Figure 5. WM1552C/MCSP cell migration and anchorage-independent growth is dependent upon the expression and activation of C-Met

(a) WM1552C/MCSP cells transfected with the indicated siRNAs were plated in 6 well plates, serum starved, and subjected to a scratch wound migration assay 24 hours post transfection. Bars represent the percent of open area in the wound at 48 hours, +/− s.e.m., from triplicate wells, from one representative experiment (ANOVA p<0.001, *p<0.001 vs. neg. control by Bonferroni’s adjusted t-test). (b)SiRNA transfected WM1225C/MCSP cells were harvested as for ‘a’ plated in soft agar and counted after 17 days as in 1b. Bars represent the average number of cells per 5 fields in triplicate wells +/− s.e.m. (ANOVA p<0.001, *p<0.0001 vs. negative control by Bonferroni’s adjusted t-test), from one representative experiment. (c) Confluent monolayers of WM1552C/MCSP cells were serum starved for 24hrs, wounded and incubated for 72hrs in the presence of C-Met inhibitor SU11274 (4.0uM) or DMSO. Pictures from one representative experiment are shown. Scale bar = 100 μm. (d)Indicated melanoma cell lines were transfected with MCSP siRNA, then serum starved for 24 hours prior to harvesting for western analysis.

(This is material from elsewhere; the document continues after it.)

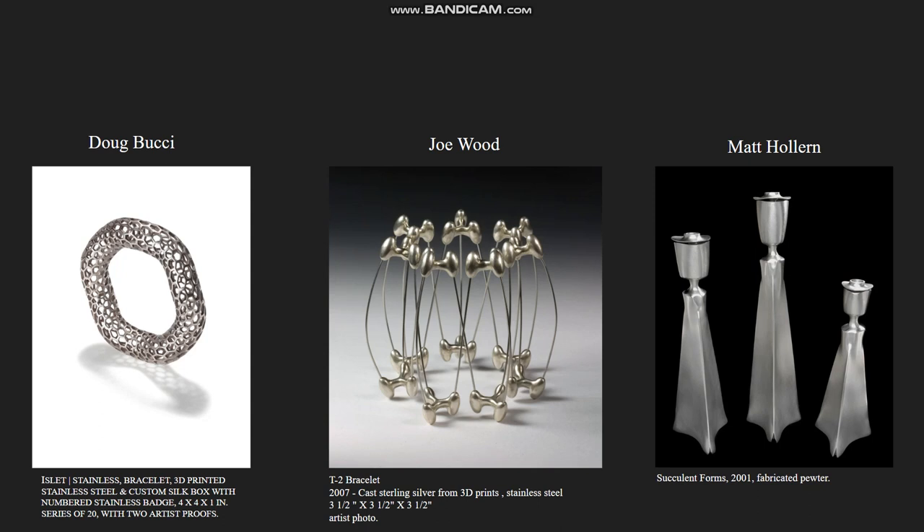Here are some other artists who are similar to Mr. McCormick. You have Doug Bucci, who does many bracelets and necklaces, and it's all very intricate. That kind of bracelet right there has many holes, and 3D printing these components and working with them by hand is quite a feat because they are very delicate and require a lot of precision when working with them.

Figure 6. Erk 1,2 mediates enhanced c-Met expression through MITF

(a) WM1341D and WM1552C/MCSP transfected cells were incubated with 2.4 μM U0126 or control compound U0124 overnight in serum free medium. Lysates were evaluated by western blot using the indicated antibodies. (b) WM1552C/MCSP cells were transfected with MITF specific or control siRNA for 48 hours and assayed for expression of C-Met, MITF, and pErk 1, 2 by western blot. (c) WM1552C/MCSP cells were transfected with c-Met specific or control siRNA for 48 hours and assayed for expression of C-Met, MITF and pErk 1,2 and MCSP by western blot.